The reply should hold only the lines from the one with "Gelatinous transformation Hematomorphology, a" to the one with "fractures • Bridge", both ends kept, exactly as they appear below, without any pictures.

Information supplied>
.....

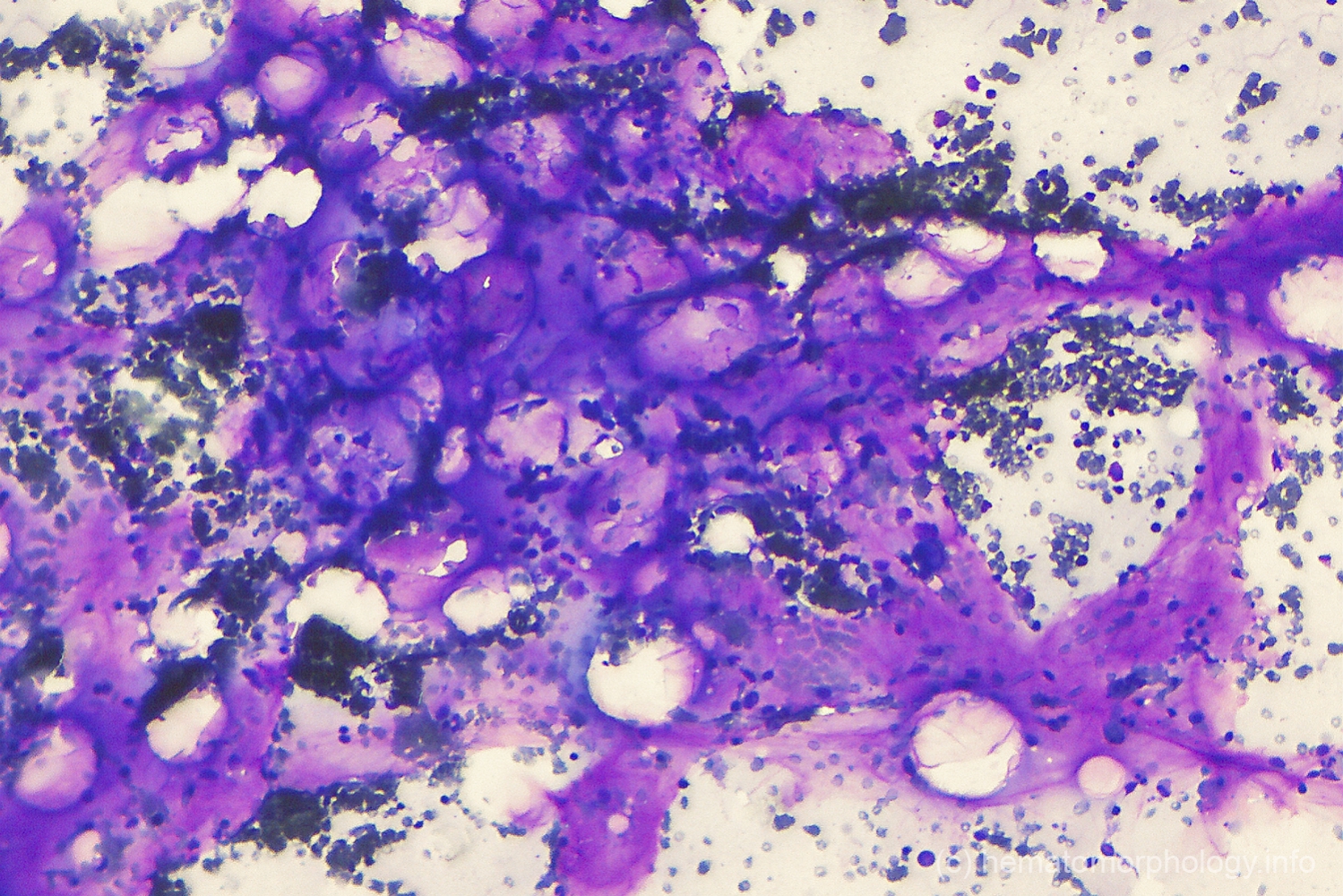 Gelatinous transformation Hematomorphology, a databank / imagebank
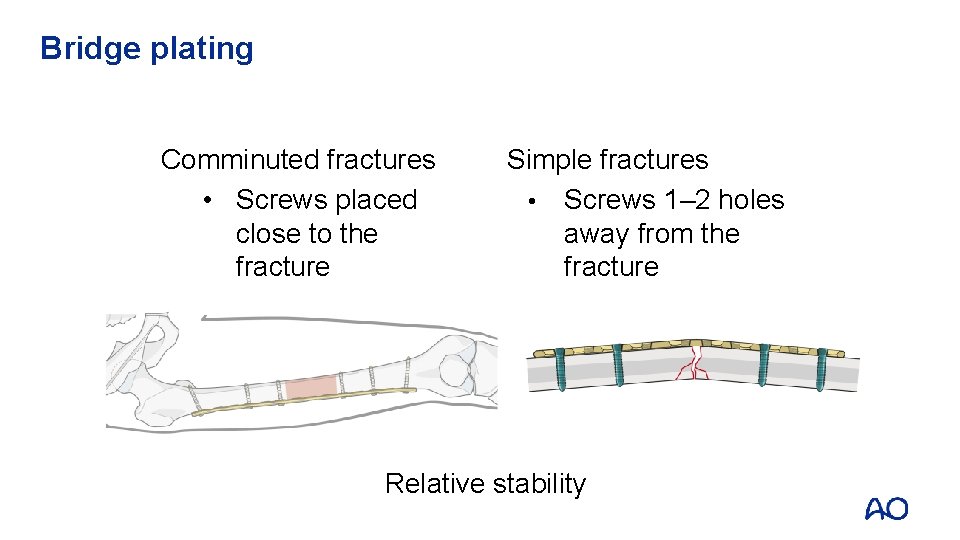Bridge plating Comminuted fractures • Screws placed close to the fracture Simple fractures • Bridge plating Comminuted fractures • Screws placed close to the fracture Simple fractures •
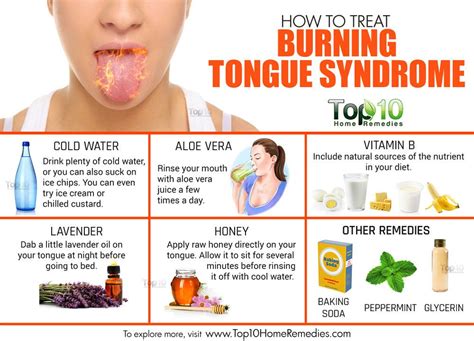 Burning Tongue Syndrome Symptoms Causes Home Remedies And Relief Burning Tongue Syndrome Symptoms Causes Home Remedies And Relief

.....

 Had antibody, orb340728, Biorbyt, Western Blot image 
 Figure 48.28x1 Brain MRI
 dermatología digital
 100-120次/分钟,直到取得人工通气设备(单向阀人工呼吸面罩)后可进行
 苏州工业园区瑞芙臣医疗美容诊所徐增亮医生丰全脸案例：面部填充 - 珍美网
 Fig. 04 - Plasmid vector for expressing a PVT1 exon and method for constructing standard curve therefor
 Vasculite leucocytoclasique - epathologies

.....

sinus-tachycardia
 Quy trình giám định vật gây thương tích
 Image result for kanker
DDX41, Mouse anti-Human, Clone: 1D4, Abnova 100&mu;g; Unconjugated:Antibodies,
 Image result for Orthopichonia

.....

Exercise response>
 Gelatinous transformation Hematomorphology, a databank / imagebank
Bridge plating Comminuted fractures • Screws placed close to the fracture Simple fractures • Bridge plating Comminuted fractures • Screws placed close to the fracture Simple fractures •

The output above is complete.